▸ **DATA EXTRACTS**
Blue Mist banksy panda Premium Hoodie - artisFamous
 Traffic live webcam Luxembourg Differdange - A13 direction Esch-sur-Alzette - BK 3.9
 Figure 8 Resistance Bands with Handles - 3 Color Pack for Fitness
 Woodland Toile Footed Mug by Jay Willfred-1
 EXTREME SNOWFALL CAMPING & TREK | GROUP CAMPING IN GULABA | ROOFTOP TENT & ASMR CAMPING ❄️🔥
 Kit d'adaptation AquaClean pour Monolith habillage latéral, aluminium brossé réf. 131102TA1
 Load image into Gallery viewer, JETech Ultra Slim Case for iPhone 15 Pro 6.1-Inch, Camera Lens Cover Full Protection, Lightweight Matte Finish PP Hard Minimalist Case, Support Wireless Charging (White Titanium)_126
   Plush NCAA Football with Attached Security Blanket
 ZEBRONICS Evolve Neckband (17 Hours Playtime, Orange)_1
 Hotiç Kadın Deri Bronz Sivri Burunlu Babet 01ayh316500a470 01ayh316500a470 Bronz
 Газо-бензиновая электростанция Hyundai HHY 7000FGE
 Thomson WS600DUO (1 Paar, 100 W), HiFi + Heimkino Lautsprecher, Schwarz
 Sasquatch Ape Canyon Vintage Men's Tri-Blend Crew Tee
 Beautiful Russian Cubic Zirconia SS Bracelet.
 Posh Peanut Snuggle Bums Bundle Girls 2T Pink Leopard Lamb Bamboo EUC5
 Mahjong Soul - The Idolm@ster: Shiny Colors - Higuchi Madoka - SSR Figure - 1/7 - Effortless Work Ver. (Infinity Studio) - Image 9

▸ **PROBLEM TO WORK ON**
All lines in the listing above from the line containing "Kit d'adaptation AquaClean" to the line containing "Sasquatch Ape Canyon", inclusive, should be retyped exactly; no other lines should appear.

▸ **SOLUTION**
 Kit d'adaptation AquaClean pour Monolith habillage latéral, aluminium brossé réf. 131102TA1
 Load image into Gallery viewer, JETech Ultra Slim Case for iPhone 15 Pro 6.1-Inch, Camera Lens Cover Full Protection, Lightweight Matte Finish PP Hard Minimalist Case, Support Wireless Charging (White Titanium)_126
   Plush NCAA Football with Attached Security Blanket
 ZEBRONICS Evolve Neckband (17 Hours Playtime, Orange)_1
 Hotiç Kadın Deri Bronz Sivri Burunlu Babet 01ayh316500a470 01ayh316500a470 Bronz
 Газо-бензиновая электростанция Hyundai HHY 7000FGE
 Thomson WS600DUO (1 Paar, 100 W), HiFi + Heimkino Lautsprecher, Schwarz
 Sasquatch Ape Canyon Vintage Men's Tri-Blend Crew Tee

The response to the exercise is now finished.